Given their compatibility relationship, Julids and ULIDs must have quite a bit in common, and indeed they do:
- they are 128-bits long
- they are lexicographically sortable
- they encode their creation time as the number of milliseconds since the UNIX epoch
- their string representation is a 26-character base-32 Crockford encoding of their big-endian bytes
- IDs created within the same millisecond are still meant to sort in their order of creation
Julids and ULIDs have different ways to implement that last piece. If you look at the layout of bits in a ULID, they look like this:
According to the ULID spec, for ULIDs created in the same millisecond, the least-significant bit should be incremented for each new ID. Since that portion of the ULID is random, that means you may not be able to increment it without spilling into the timestamp portion. Likewise, it's easy to guess a new possibly-valid ULID simply by incrementing an already-known one.

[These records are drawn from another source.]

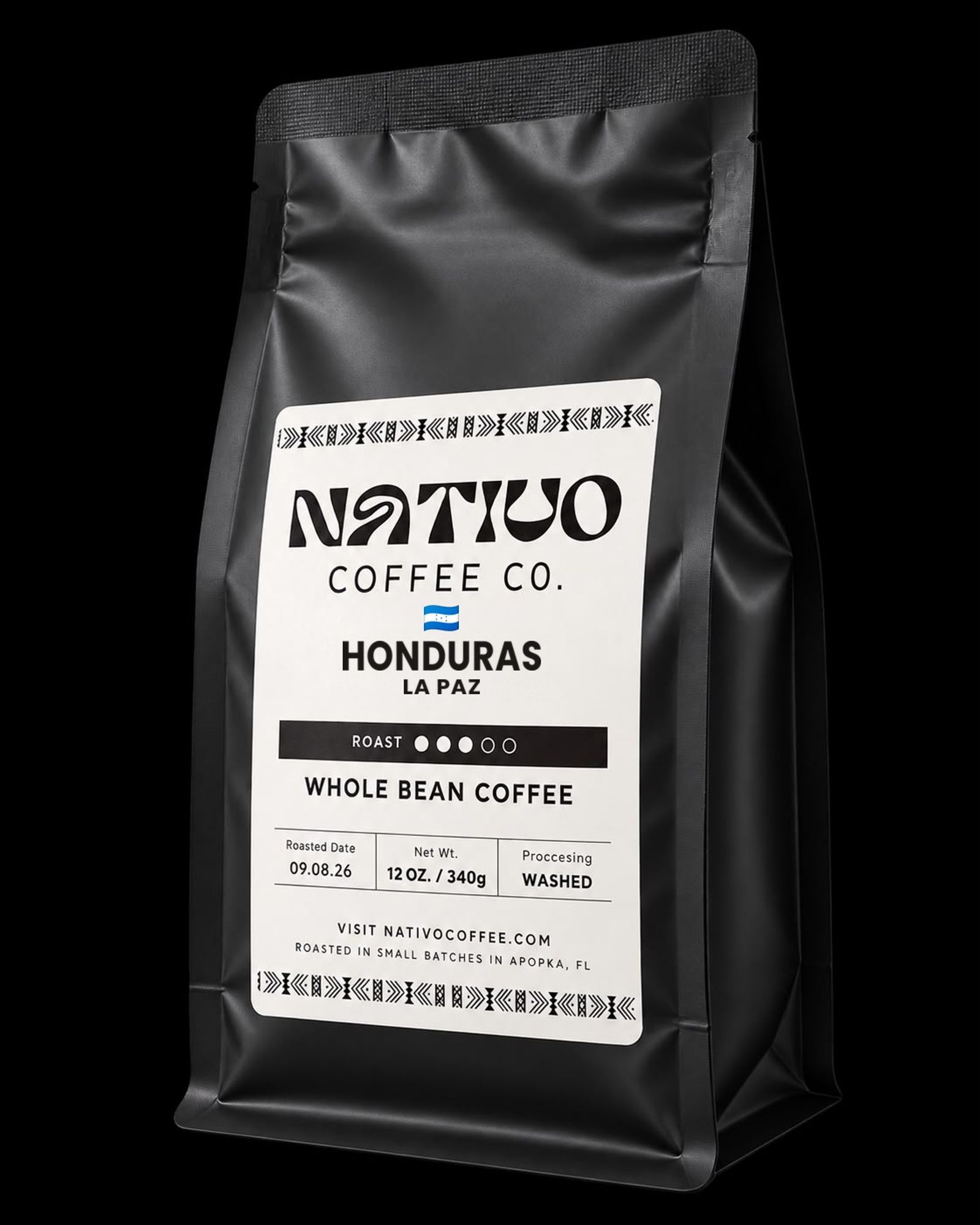 Nativo Coffee — Honduras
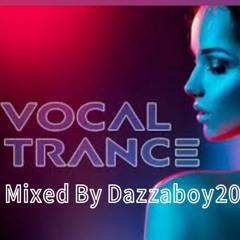 Vocal Trance Vol 1 Mixed By Daz Jay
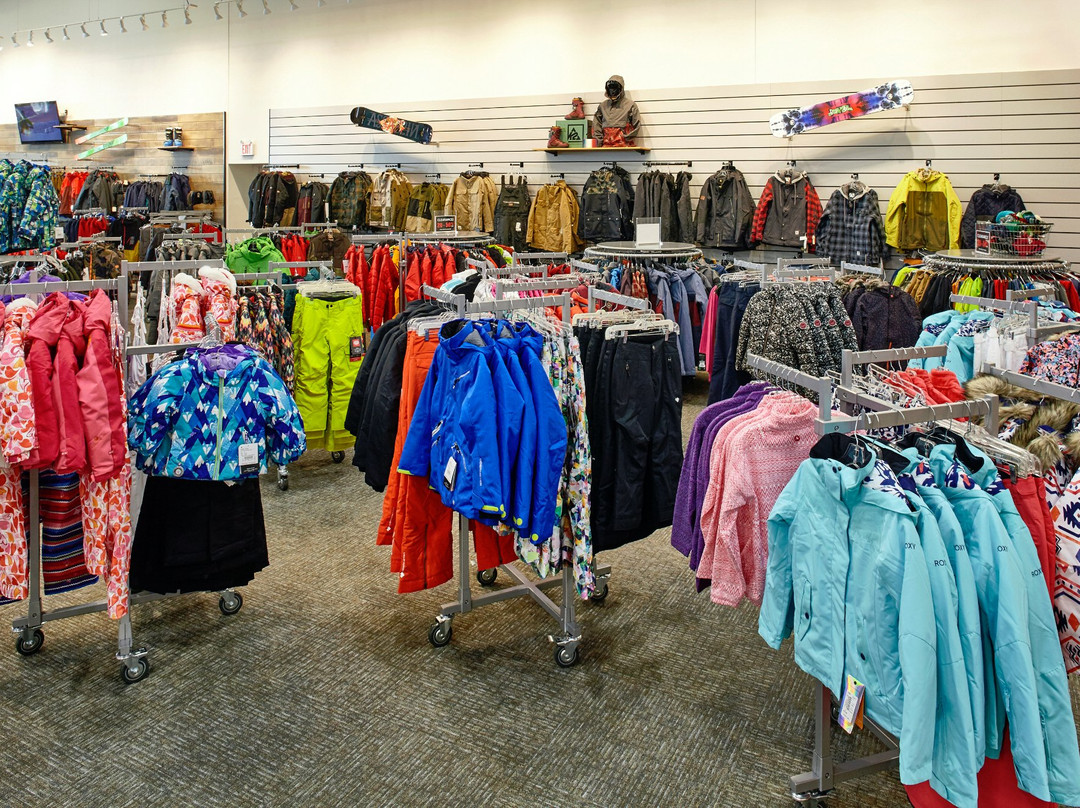 Christy Sports Ski and Snowboard-恩格尔伍德必去景点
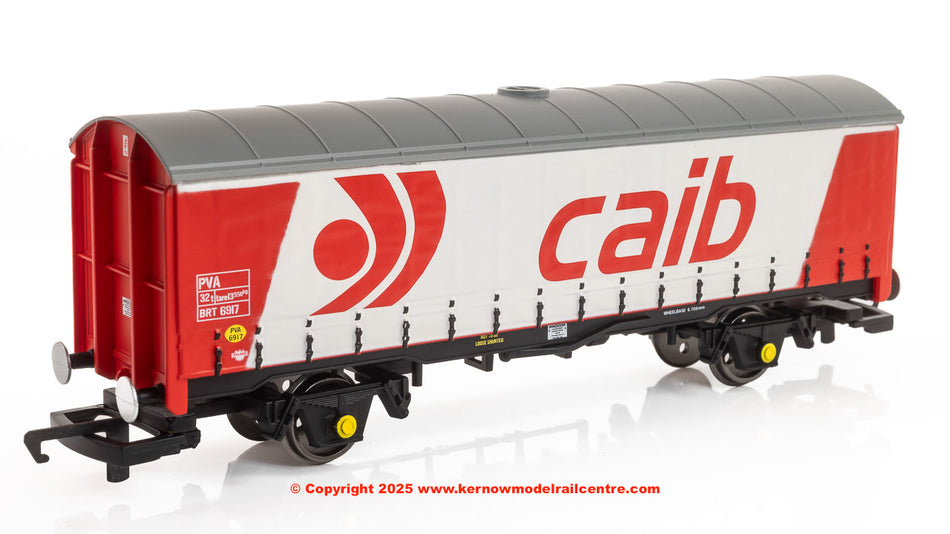 R60268 Hornby Railroad PVA Van number BRT 6917 - CAIB - Era 8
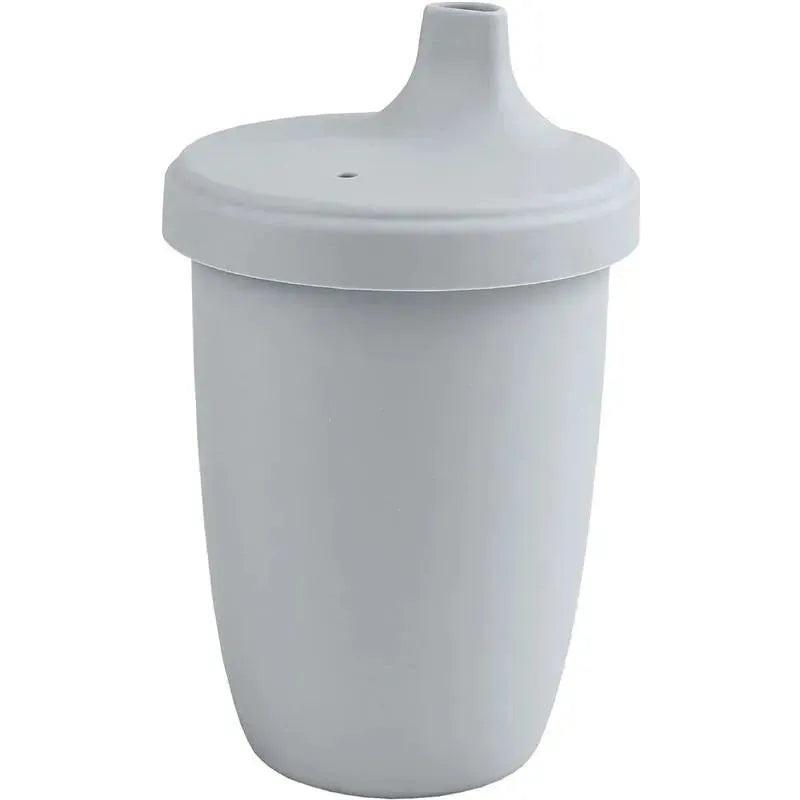 Re Play – 8Oz Sustainables Silicone Sippy Cup for Toddlers, Grey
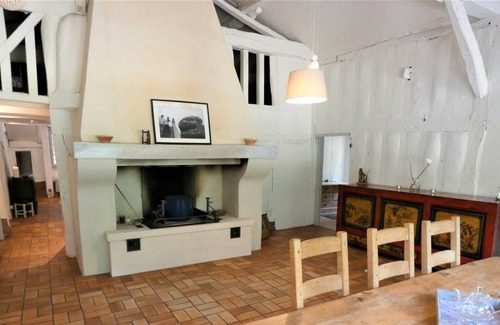 Commensacq Casa | Casa rural Commensacq, 4 dormitorios, 8 personas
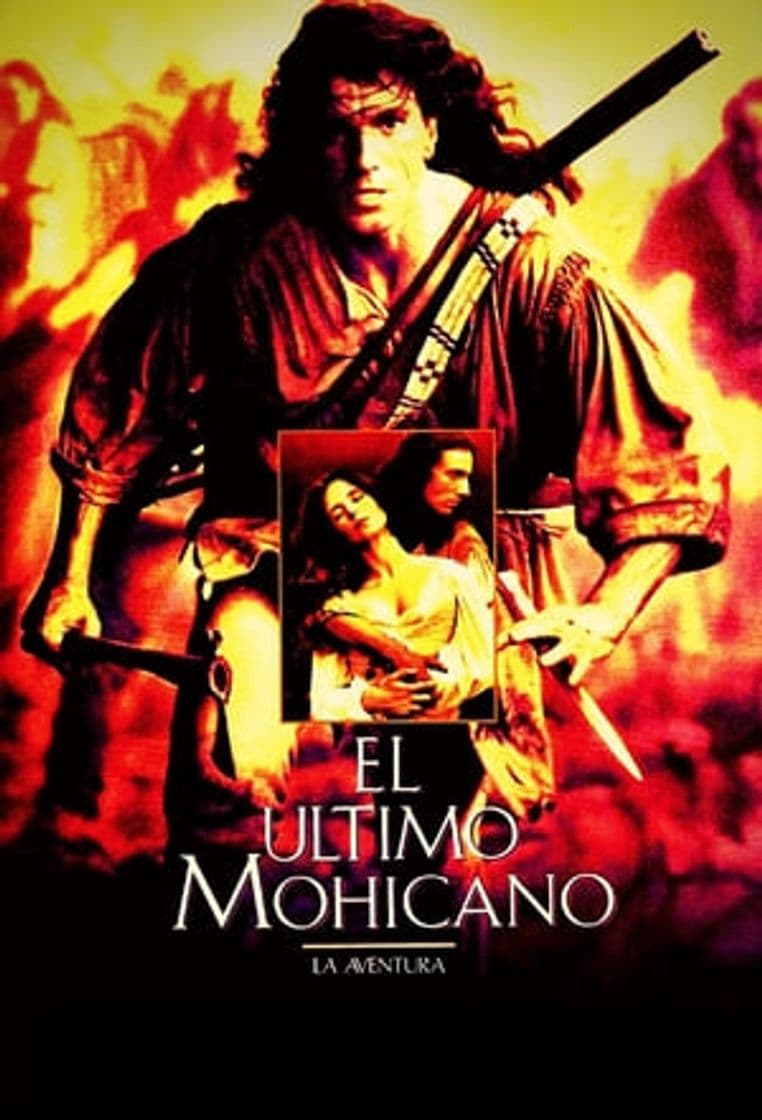 Movie The Last of the Mohicans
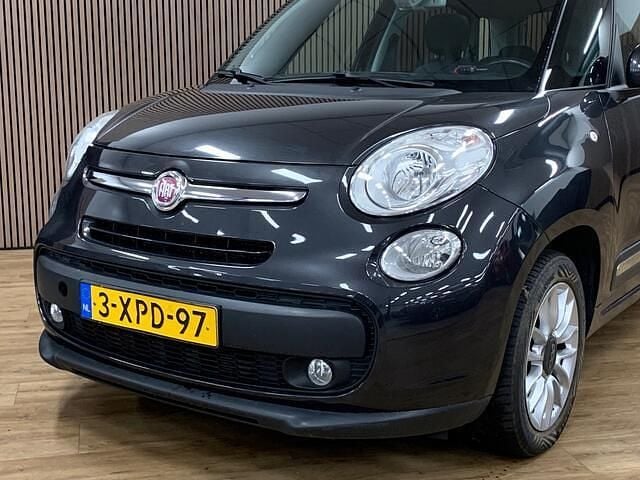 Occasion Fiat 500L Lounge 105 PK (77 kW) 2014 Grijs (metallic) MPV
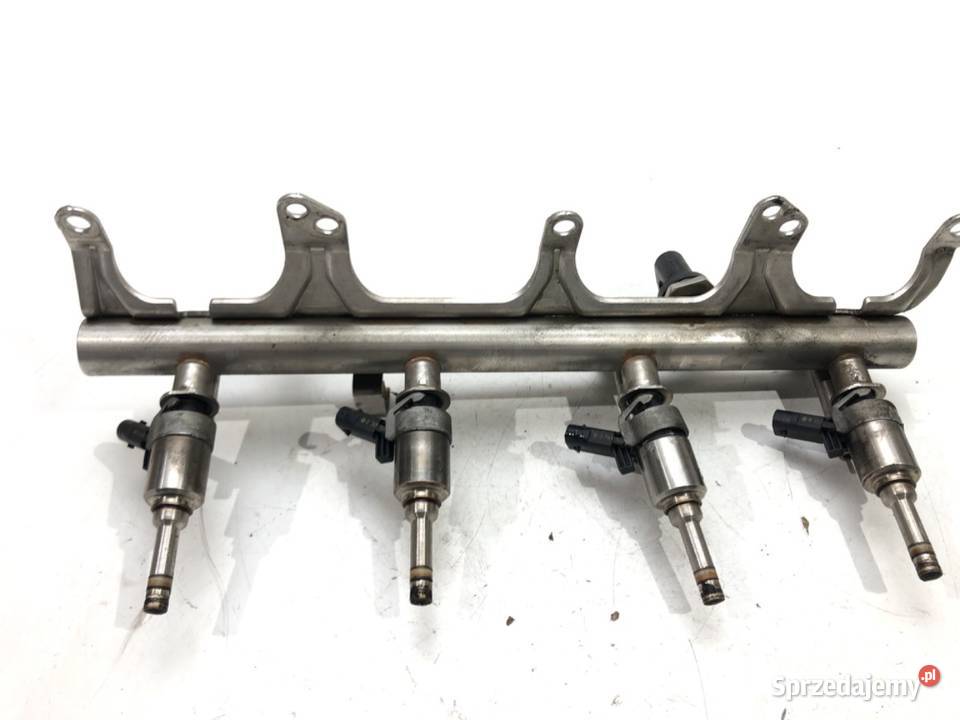 LISTWA WTRYSKOWA AUDI A4 B8 06J133317G 18 160 osobowe podkarpackie sprzedam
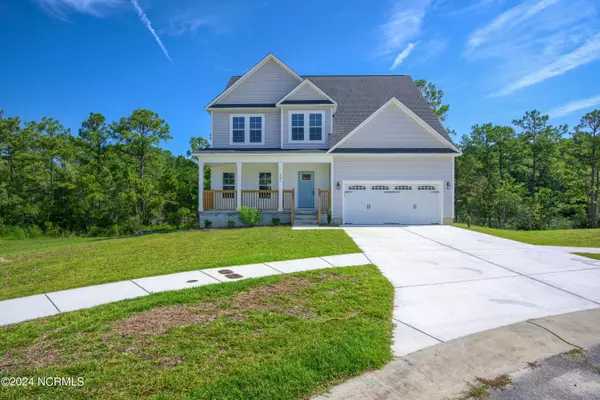 907 Marshview CT, Hubert, NC 28539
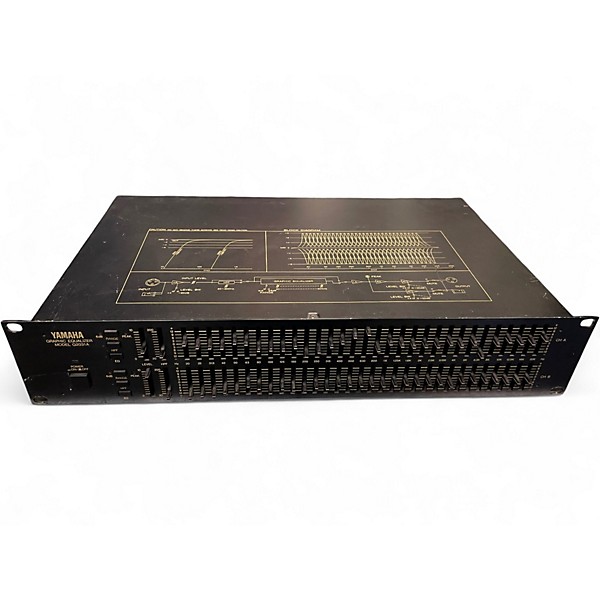 Used Yamaha Q2031 Equalizer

And finally, this means that sorting will need to read all the way to the end of the ULID for IDs created in the same millisecond.
To address these shortcomings, Julids (Joe's ULIDs) have the following structure:
As with ULIDs, the 48 most-significant bits encode the time of creation. Unlike ULIDs, the next 16 most-significant bits are not random: they're a monotonic counter for IDs created within the same millisecond1. Since it's only 16 bits, it will saturate after 65,536 IDs intra-millisecond creations, after which, IDs in that same millisecond will not have an intrinsic total order (the random bits will still be different, so you shouldn't have collisions). My PC, which is no slouch, can only generate about 20,000 per millisecond, so hopefully this is not an issue! Because the random bits are always fresh, it's not possible to easily guess a valid Julid if you already have a different valid one.
How to use
As mentioned, the Julid crate can be used in two different ways: as a regular Rust library, declared
in your Rust project's Cargo.toml
file (say, by running cargo add julid-rs
), and used as also
shown above. There's a rudimentary
benchmark example in the repo,
which I'll talk more about below. But the primary use case for me was as a loadable SQLite
extension, as I previously
wrote. Both are covered in the
documentation, but let's go over them here, starting with
the extension.
Inside SQLite as a loadable extension
The extension, when loaded into SQLite, provides the following functions:
julid_new()
: create a new Julid and return it as a 16-byte blobjulid_seconds(julid)
: get the number seconds (as a 64-bit float) since the UNIX epoch that this julid was createdjulid_counter(julid)
: show the value of this julid's monotonic counterjulid_sortable(julid)
: return the 64-bit concatenation of the timestamp and counterjulid_string(julid)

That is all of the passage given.